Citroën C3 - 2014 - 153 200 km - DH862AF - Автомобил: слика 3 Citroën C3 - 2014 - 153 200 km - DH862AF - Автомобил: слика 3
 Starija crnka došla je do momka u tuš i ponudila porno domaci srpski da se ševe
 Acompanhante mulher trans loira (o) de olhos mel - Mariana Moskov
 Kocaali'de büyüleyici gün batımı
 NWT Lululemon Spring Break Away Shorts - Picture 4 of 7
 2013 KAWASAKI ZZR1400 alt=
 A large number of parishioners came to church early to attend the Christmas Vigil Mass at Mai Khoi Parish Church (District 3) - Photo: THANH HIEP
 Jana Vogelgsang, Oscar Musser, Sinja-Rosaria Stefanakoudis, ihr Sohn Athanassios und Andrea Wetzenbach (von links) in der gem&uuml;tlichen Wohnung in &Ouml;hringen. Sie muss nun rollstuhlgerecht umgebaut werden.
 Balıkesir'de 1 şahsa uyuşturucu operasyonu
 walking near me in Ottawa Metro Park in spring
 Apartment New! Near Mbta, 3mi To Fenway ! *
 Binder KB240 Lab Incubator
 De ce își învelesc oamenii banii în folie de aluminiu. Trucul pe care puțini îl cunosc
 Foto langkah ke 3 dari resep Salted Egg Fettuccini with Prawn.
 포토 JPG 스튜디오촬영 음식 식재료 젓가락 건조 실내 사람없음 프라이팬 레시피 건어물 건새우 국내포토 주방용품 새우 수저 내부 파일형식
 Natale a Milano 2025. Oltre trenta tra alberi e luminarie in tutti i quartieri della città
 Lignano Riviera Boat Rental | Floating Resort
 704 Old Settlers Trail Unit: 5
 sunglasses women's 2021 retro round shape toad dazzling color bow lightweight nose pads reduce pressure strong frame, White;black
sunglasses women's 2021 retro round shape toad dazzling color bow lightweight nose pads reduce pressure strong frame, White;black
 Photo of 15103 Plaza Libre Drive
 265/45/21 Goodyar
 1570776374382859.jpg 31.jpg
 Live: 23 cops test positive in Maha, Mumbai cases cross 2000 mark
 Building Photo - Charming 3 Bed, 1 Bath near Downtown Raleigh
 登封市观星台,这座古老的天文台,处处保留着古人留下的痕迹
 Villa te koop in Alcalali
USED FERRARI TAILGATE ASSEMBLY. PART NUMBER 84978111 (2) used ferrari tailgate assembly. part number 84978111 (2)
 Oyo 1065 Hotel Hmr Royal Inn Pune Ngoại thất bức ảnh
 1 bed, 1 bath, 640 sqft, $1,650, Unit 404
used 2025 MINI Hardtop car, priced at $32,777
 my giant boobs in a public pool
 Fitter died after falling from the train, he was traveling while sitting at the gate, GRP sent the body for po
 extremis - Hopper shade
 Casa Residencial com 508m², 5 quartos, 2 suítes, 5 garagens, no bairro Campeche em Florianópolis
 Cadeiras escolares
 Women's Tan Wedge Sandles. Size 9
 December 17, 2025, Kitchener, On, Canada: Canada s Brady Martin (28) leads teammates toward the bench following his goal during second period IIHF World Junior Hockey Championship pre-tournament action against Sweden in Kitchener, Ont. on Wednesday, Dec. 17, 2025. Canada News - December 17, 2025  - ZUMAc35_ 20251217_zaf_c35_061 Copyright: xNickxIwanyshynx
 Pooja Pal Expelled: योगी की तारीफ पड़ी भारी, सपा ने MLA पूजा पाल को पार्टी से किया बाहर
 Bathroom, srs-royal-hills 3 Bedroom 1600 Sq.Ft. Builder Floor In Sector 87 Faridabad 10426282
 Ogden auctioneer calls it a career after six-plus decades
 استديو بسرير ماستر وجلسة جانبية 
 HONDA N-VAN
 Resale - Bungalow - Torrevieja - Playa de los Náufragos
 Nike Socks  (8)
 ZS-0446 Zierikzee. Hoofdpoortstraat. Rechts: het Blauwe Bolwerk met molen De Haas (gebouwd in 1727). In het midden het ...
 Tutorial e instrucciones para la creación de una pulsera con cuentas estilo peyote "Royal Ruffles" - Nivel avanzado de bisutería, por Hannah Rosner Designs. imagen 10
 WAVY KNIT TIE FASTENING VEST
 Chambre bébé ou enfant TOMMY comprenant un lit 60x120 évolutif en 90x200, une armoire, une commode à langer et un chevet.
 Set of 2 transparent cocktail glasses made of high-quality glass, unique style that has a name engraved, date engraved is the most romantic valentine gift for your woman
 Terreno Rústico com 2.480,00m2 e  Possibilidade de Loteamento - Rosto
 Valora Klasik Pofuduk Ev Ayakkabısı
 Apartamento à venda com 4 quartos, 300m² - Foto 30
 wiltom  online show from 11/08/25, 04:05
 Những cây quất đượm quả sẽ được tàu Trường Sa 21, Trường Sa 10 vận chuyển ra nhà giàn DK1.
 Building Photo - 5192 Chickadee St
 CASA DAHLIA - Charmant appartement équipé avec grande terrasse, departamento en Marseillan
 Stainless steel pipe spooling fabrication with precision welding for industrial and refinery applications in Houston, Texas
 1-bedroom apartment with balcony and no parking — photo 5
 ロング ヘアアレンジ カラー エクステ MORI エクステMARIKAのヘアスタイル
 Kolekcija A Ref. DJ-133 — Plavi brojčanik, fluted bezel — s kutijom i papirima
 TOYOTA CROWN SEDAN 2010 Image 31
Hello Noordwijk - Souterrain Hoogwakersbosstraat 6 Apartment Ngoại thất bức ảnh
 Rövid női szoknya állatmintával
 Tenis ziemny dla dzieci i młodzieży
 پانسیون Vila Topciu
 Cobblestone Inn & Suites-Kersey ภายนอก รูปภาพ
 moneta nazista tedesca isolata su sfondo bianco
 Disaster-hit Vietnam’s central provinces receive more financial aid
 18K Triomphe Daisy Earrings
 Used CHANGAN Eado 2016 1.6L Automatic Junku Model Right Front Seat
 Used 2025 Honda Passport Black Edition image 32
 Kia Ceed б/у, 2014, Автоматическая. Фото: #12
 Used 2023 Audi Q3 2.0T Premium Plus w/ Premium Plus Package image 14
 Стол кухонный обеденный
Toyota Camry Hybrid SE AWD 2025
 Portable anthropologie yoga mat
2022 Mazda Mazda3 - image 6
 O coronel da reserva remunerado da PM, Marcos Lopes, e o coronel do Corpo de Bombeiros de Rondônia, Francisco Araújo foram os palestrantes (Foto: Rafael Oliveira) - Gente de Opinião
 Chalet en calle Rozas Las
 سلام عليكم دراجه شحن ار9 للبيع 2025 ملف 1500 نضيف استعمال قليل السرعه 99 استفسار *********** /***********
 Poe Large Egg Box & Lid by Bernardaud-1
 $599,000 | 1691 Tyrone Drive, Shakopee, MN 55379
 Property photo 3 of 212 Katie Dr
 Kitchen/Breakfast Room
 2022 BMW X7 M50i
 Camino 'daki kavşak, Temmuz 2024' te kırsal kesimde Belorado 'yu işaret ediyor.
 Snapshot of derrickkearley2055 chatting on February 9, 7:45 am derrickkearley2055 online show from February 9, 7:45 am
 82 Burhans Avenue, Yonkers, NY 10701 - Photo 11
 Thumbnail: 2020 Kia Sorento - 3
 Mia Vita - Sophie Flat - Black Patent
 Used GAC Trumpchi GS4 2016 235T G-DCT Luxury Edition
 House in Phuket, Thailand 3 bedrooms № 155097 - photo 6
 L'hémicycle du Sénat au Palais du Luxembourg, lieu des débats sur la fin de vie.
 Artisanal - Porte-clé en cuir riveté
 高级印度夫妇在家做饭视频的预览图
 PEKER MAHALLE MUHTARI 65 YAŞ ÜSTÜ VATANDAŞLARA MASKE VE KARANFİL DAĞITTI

____________

ACTION ITEM →
Could you return exactly the stretch of the data above that starts at the line with "Cobblestone Inn &" and ends at the line with "2022 Mazda Mazda3 - image 6", both lines included?

SOLVED EXERCISE →
 Cobblestone Inn & Suites-Kersey ภายนอก รูปภาพ
 moneta nazista tedesca isolata su sfondo bianco
 Disaster-hit Vietnam’s central provinces receive more financial aid
 18K Triomphe Daisy Earrings
 Used CHANGAN Eado 2016 1.6L Automatic Junku Model Right Front Seat
 Used 2025 Honda Passport Black Edition image 32
 Kia Ceed б/у, 2014, Автоматическая. Фото: #12
 Used 2023 Audi Q3 2.0T Premium Plus w/ Premium Plus Package image 14
 Стол кухонный обеденный
Toyota Camry Hybrid SE AWD 2025
 Portable anthropologie yoga mat
2022 Mazda Mazda3 - image 6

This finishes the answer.